Muzina star, Tabu Ley, exits the stage

In the mid-1990s, Democratic Republic of Congo musician Tabu Ley released the album Muzina. The album’s title song like many of Tabu’s compositions became a hit in Kenya and it soon would take a funny twist.

Tabu Ley

Kenya in the 1990s was experiencing an economic crunch and as companies retrenched, bars and nightclubs sent the then popular Bands away. A band usually has several members and the clubs were unable to pay.

Trust Kenyans to make lemonade from lemon and a few brave souls grabbed the opportunity. A lone man would come into a pub armed with a guitar and a husky voice.

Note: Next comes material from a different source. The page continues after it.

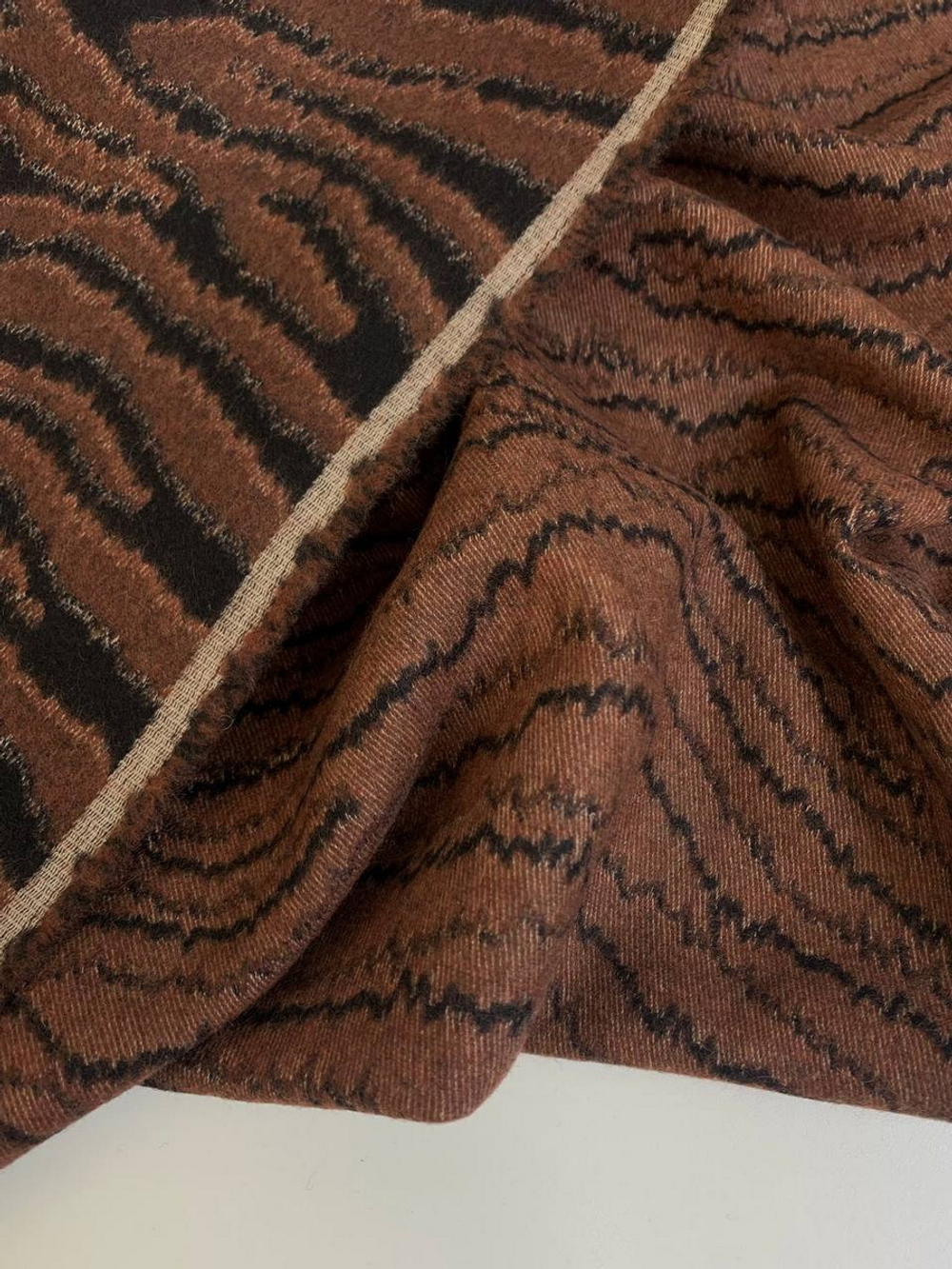 Костюмная шерсть принт, GF9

They adulterated popular songs, most times to a lewd note so as to attract attention and within no time the one-man guitar, or the Mugiithi phenomenon became the craze on the Kenyan entertainment scene.

Young and old Tabu Ley’s song Muzina, became “Muchina” a Gikuyu male name and even as the Mugiithi craze died, Muchina version is hummed by the young and old. But this is not the only visible tie that Tabu Ley has bequeathed Kenya. In 1985, when Kenyans relied only on the state-led radio station KBC for their entertainment, the government banned all foreign music.

Tabu Ley quickly composed the song Twende Nairobi, sung by Mbilia Bel and which praised the then president Daniel arap Moi. The ban was immediately lifted. And now, Tabu Ley is dead.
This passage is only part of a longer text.